In September, the Internet site, Rue 89, raised new and very different questions about Mr. Debat when it reported that an interview he purportedly had done with Senator Obama for a French publication was not authentic. This prompted us to go back to do a second review of Mr. Debat’s work for us, this time under the supervision of Kerry Smith, our Senior Vice President for Editorial Quality, and her staff, together with corporate legal counsel. This review was extremely sensitive, as it required going back to confidential sources in this country and abroad. It also involved traveling to Pakistan to confirm first-hand the circumstances of Mr. Debat’s work there.
Early in our review, we learned that there were other interviews Mr. Debat had published in France that the subjects denied had been conducted. We reported this story immediately on ABC News.com.
We have now completed our review. After going through all of the stories Mr. Debat worked on for ABC News, we found no instances of false reporting. Mr. Debat was not the sole source for anything ABC News reported. Moreover, we confirmed with Mr. Debat’s confidential sources that they had given him the information as he’d claimed in contributing to our reports. We also confirmed that Mr. Debat traveled to the locations in Pakistan as he had claimed and talked with the sources he had identified.

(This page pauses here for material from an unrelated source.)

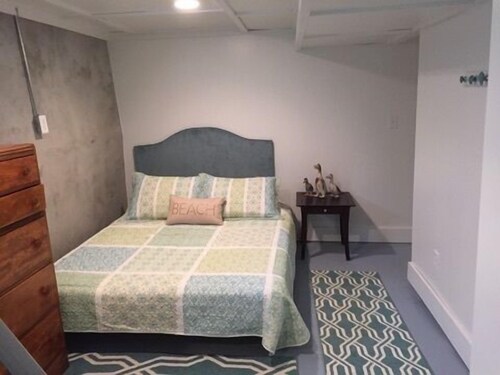 Vintage Lake Michigan Beach Cottage: 4br+loft,3ba-Sleeps 17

Our review did uncover four details of Mr. Debat’s reporting that we couldn’t confirm. In one case, he mis-identified which branch of U.S. Special forces had engaged in a particular operation, although we did confirm the other facts surrounding the operation. We also found disagreements over the location for two meetings reported on by Mr. Debat, although, again, we could confirm the other facts surrounding the meetings. And, one of the people whom Mr. Debat identified as attending a meeting would neither confirm nor deny that he/she was a direct participant. None of these discrepancies would rise to the level of a formal, on-air retraction because none of them was material to the substance of our report.

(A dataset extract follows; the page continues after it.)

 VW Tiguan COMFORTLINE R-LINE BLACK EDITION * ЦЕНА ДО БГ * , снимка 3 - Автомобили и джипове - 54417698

There are three changes we are making in our internal practices based on what we’ve learned from this case.
Starting immediately, we will include both our News Practices team and the corporate Human Resources Department in the hiring of all consultants, reviewing in particular claims of prior employment and educational history. We will also undertake a review of current consultants where appropriate.
When we hire a consultant, we will make a determination of exactly how that person will be identified on all programs and platforms.
News Practices will be alerted each time that we include a consultant in our reporting to ensure that the consultant is being used and identified properly.
We undertake extensive efforts in all of our reporting — and particularly in our investigative reporting — to check and double-check information we are given so that no one source can compromise the truth of what we present to our audiences. Based on our review, our overall systems and procedures worked in the case of Mr. Debat. Nothing in our review, of course, condones the instances of resume enhancement or fake interviews that Mr. Debat published elsewhere.